Methods and Results We prospectively investigated the long-term follow-up of 10 patients with CCHD who underwent HT. Immunosuppression was based on cyclosporine A and azathioprine. T cruzi reactivation was prevented with benzonidazole. Besides allograft rejection surveillance, T cruzi infection was monitored through blood tests, myocardial biopsies, and serological tests. Over a mean follow-up period of 34±38 months (range, 73 to 124 months), 7 patients are alive and in NYHA functional class I. Life expectancy was 78% for the second year and 65% for 10 years. Rejection was less frequent in chagasic than in age- and sex-matched control patients (mean±SD, 1.60±1.26 versus 5.70±1.89 episodes per patient, respectively; P=.0001); decreased severity of rejection was also observed (P=.006). T cruzi parasitemias detected on three occasions were successfully treated with benzonidazole. There were no signs of recurrence of the disease in the allograft.

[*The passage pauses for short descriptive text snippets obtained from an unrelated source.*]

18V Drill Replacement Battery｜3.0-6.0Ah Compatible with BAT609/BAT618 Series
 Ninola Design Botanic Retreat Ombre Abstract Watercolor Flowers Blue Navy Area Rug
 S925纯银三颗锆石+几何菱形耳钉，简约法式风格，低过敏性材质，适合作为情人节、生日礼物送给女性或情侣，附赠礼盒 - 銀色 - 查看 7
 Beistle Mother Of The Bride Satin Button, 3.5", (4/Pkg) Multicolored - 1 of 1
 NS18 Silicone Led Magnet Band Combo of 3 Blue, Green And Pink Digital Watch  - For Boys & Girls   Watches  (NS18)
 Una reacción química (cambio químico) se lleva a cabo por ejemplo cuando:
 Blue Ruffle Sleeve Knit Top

Conclusions These results suggest an important role of HT in the treatment of CCHD. There was a low frequency of T cruzi infection reactivation and no signs of recurrence of the disease in the allograft. The surprisingly decreased rejection incidence and severity require further studies for elucidation.
Heart transplantation is an effective treatment for patients with end-stage heart failure. Nevertheless, it is not indicated for patients with primary or secondary heart disease likely to recur in the allograft.1 HT in Chagas' disease has raised important questions concerning infection reactivation related to immunosuppression and recurrence of the disease in the transplanted heart.2
CCHD is more prevalent in young people3 and presents high morbidity and mortality during the decompensation stage.4 On the other hand, treatment with specific drugs, such as benzonidazole, is satisfactory, at least during the acute phase of the disease.5 On the basis of these facts and of the results obtained with kidney transplantation in Chagas' disease,6 7 our group, under the leadership of Professor E.J. Zerbini, performed the first HT in a patient with CCHD on June 3, 1985.8 The present study prospectively investigated the follow-up of this patient and others with CCHD submitted to orthotopic HT in our institution. The main purpose of the study was not to determine the feasibility of HT in patients with CCHD but rather to investigate the follow-up features of these patients because of the systemic nature of the disease and the heart-specific immunoreactivity associated with active myocarditis.
Ten patients with NYHA functional class IV heart failure and positive serological tests for Chagas' disease who received orthotopic HTs as of 1985 were studied. Nine were men; the mean age was 44±11 years. Patients with megesophagus, megacolon, and classic contraindications were excluded.9 The mean value of LVEF by M-mode echocardiogram was 0.21±0.08.
The immunosuppression protocol was based on Yacoub et al.10 Cyclosporin A (CyA) was maintained in doses varying from 1 to 10 mg·kg−1·d−1 during the postoperative period, depending on values in total hemolyzed blood, seeking initial levels of 300 to 400 ng/mL and 100 to 150 ng/mL as of the third month. Azathioprine was maintained in doses varying from 0.5 to 1.5 mg·kg−1·d−1. Two patients also required steroids because of side effects of CyA, and in one of these, prednisone was continued on a long-term basis.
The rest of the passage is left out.